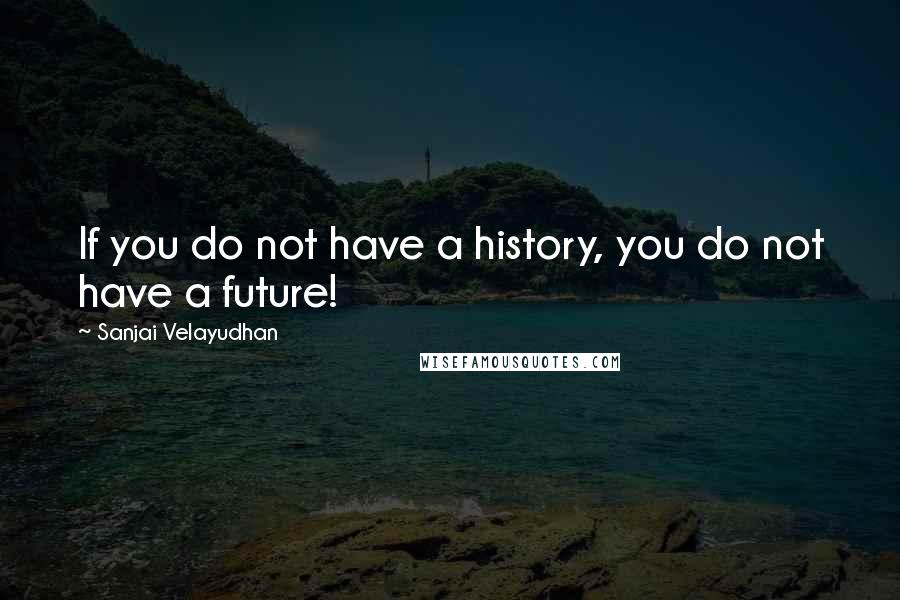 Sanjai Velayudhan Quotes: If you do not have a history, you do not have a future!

__________________________________________________

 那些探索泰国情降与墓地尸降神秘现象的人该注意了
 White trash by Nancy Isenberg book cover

__________________________________________________

* **Requirement**
In the listing above, find the line with "那些探索泰国情降与墓地尸降神秘现象的人该注意了" and the line with "White trash by Nancy Isenberg book cover"; output exactly those lines and all lines between them.

* **Task output**
 那些探索泰国情降与墓地尸降神秘现象的人该注意了
 White trash by Nancy Isenberg book cover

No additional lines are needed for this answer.